Hi expert,

I want to retrieve yesterday su log.
How to calculate and assign variable value ( 06/23 ) in myVariable ?


#!/bin/sh

myVariable=yesterday date in month/date

cat /var/adm/sulog | grep $myVariable > file.txt



many thanks!

If you have GNU date:

myVariable=$(date "+%m/%d" --date "now 1 day ago")

I don't think I have that.
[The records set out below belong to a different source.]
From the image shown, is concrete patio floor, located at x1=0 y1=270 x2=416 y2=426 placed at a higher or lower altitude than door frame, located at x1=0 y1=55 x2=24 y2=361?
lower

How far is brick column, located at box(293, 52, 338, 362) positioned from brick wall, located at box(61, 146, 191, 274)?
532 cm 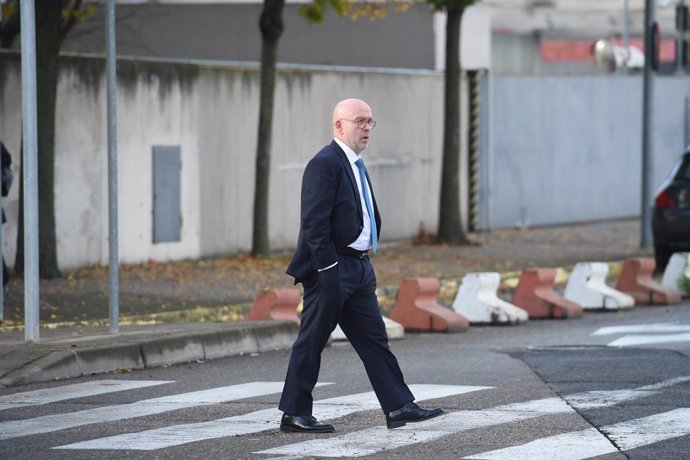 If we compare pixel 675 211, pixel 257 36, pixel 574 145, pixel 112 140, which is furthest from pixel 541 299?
pixel 257 36

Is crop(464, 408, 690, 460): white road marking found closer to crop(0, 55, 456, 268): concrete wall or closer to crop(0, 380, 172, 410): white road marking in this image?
crop(0, 380, 172, 410): white road marking

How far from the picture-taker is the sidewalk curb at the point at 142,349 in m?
11.5

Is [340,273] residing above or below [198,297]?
above

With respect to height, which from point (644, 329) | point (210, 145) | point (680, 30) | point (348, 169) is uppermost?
point (680, 30)

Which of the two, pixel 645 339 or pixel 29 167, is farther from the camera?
pixel 645 339

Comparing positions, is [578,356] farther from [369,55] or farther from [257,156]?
[369,55]

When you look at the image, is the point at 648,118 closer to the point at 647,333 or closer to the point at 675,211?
the point at 675,211

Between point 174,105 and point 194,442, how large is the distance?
13072 mm

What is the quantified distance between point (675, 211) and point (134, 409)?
11.1m

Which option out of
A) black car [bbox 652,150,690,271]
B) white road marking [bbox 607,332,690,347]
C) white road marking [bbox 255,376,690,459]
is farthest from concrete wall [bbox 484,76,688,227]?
white road marking [bbox 255,376,690,459]

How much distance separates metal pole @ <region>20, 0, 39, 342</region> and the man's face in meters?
3.80

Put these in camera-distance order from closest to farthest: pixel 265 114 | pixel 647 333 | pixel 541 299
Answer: pixel 647 333 < pixel 541 299 < pixel 265 114

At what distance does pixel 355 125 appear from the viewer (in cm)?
910

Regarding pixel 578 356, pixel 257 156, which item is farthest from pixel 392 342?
pixel 257 156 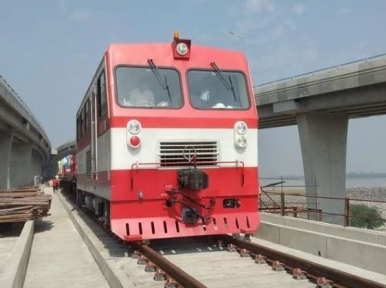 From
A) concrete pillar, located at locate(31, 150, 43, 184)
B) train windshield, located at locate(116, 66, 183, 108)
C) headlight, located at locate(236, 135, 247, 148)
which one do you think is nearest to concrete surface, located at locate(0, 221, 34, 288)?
train windshield, located at locate(116, 66, 183, 108)

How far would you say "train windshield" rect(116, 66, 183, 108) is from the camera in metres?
8.57

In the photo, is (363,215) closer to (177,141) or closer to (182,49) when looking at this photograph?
(182,49)

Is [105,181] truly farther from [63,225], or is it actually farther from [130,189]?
[63,225]

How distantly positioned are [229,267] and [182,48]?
406cm

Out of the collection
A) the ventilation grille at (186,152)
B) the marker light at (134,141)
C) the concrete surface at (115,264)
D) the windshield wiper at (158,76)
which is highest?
the windshield wiper at (158,76)

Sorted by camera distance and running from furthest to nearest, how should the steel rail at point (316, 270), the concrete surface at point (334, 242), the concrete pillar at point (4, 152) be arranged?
1. the concrete pillar at point (4, 152)
2. the concrete surface at point (334, 242)
3. the steel rail at point (316, 270)

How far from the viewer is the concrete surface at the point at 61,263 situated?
750 cm

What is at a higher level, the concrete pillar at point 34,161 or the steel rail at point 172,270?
the concrete pillar at point 34,161

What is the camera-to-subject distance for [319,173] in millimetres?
28750

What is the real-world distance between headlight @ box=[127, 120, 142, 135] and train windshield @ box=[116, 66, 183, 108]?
323 millimetres

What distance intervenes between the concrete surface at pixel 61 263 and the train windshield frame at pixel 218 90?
3432mm

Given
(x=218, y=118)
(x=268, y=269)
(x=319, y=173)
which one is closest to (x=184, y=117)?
(x=218, y=118)

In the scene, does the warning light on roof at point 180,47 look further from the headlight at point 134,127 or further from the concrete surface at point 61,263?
the concrete surface at point 61,263

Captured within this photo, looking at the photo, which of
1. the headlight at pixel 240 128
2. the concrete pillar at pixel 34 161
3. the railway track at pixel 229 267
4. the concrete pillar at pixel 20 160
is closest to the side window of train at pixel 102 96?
the headlight at pixel 240 128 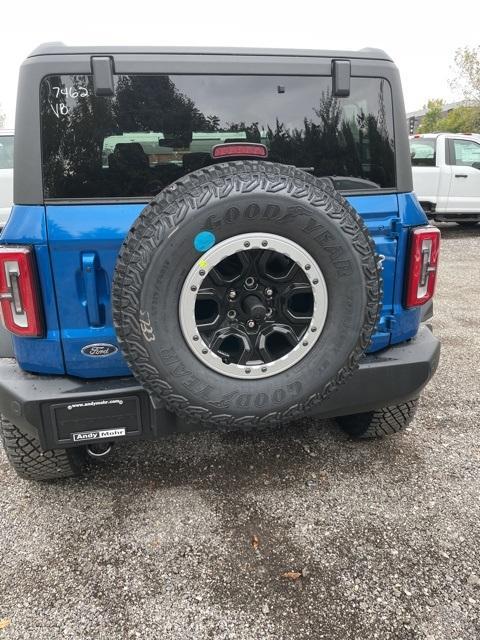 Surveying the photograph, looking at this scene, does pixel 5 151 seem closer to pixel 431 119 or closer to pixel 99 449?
pixel 99 449

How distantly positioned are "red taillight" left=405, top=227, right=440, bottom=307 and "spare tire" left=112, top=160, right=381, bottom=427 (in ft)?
1.35

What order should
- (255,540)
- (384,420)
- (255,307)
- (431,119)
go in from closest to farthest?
(255,307), (255,540), (384,420), (431,119)

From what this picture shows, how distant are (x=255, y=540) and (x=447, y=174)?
346 inches

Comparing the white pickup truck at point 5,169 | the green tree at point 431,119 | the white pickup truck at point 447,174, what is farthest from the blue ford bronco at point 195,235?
the green tree at point 431,119

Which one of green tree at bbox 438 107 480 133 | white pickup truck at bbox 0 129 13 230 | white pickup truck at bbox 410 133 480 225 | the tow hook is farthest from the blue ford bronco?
green tree at bbox 438 107 480 133

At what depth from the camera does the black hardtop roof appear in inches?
73.5

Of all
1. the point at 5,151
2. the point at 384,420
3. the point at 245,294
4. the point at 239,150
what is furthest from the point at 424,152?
the point at 245,294

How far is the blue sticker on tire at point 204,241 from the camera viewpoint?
5.69ft

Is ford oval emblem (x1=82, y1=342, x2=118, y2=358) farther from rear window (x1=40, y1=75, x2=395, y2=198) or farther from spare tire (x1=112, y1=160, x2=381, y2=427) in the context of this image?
rear window (x1=40, y1=75, x2=395, y2=198)

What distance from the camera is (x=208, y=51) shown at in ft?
6.53

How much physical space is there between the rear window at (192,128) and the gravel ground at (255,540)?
58.3 inches

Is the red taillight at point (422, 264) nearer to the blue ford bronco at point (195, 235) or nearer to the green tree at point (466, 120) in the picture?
the blue ford bronco at point (195, 235)

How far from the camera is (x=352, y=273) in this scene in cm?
187

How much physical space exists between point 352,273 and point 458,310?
4113mm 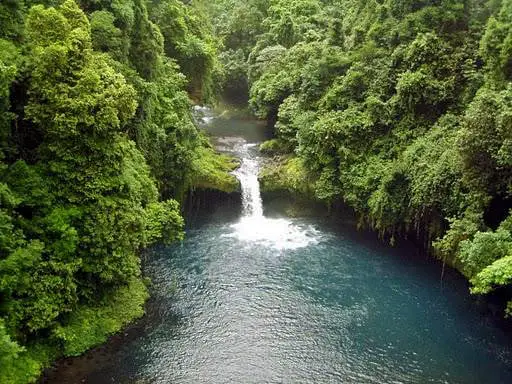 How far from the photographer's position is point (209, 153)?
124 ft

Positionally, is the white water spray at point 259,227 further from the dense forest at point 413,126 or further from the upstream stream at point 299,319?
the dense forest at point 413,126

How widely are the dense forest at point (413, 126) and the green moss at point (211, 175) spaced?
8.56 feet

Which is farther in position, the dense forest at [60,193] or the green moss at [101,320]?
the green moss at [101,320]

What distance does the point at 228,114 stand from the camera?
5766cm

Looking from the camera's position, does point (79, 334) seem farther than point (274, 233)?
No

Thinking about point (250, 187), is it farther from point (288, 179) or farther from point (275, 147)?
point (275, 147)

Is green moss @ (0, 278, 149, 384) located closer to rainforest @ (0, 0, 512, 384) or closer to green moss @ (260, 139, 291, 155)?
rainforest @ (0, 0, 512, 384)

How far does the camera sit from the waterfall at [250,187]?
34.4 meters

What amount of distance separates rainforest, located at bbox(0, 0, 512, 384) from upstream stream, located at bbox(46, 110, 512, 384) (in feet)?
1.16

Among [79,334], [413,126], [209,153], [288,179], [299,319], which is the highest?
[413,126]

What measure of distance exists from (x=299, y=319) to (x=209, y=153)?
59.7ft

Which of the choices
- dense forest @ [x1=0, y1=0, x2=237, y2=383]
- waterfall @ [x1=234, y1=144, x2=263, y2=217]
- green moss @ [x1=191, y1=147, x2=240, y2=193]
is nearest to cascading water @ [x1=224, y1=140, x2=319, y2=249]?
waterfall @ [x1=234, y1=144, x2=263, y2=217]

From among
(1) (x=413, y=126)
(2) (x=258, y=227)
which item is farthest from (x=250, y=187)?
(1) (x=413, y=126)

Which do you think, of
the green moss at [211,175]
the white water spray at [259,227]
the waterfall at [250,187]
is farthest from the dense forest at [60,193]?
the waterfall at [250,187] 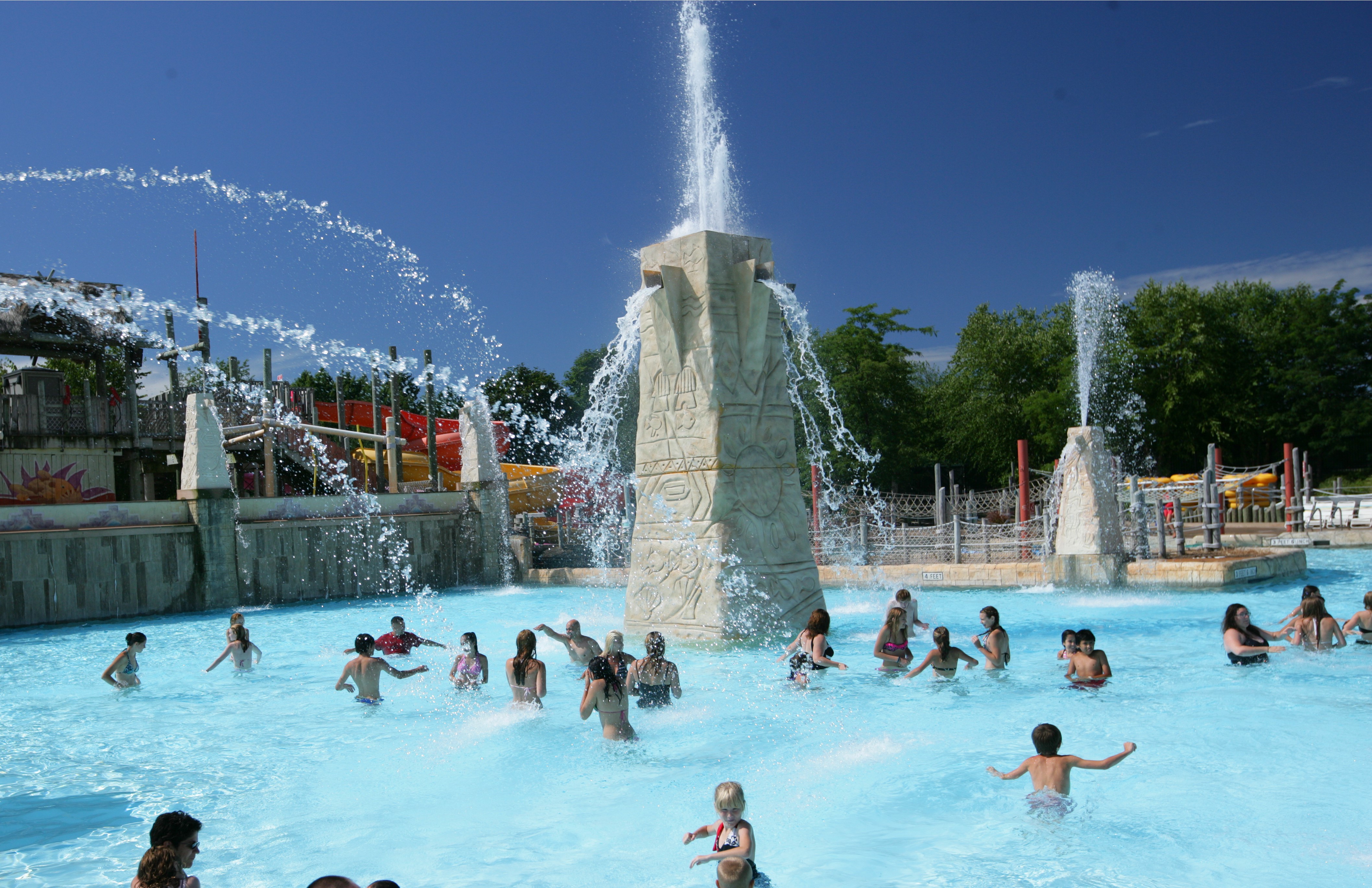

How to check ?

I can extract the date , let say 24. But how to do -1

How to correct below code's syntax in /bin/sh

myDate= `date -u +%d`
myMonth=`date -u +%m`
myYear=`date -u +%Y`
myAnotherMonth=`date -u +%b`

if [ $myDate == 1 && ( $myAnotherMonth == Sep || $myAnotherMonth == Apr || $myAnotherMonth == Jun || $myAnotherMonth == Nov || $myAnotherMonth == Feb ) ]
then
yesterday = 30

elseif [ $myDate == 1 && $myAnotherMonth == Feb]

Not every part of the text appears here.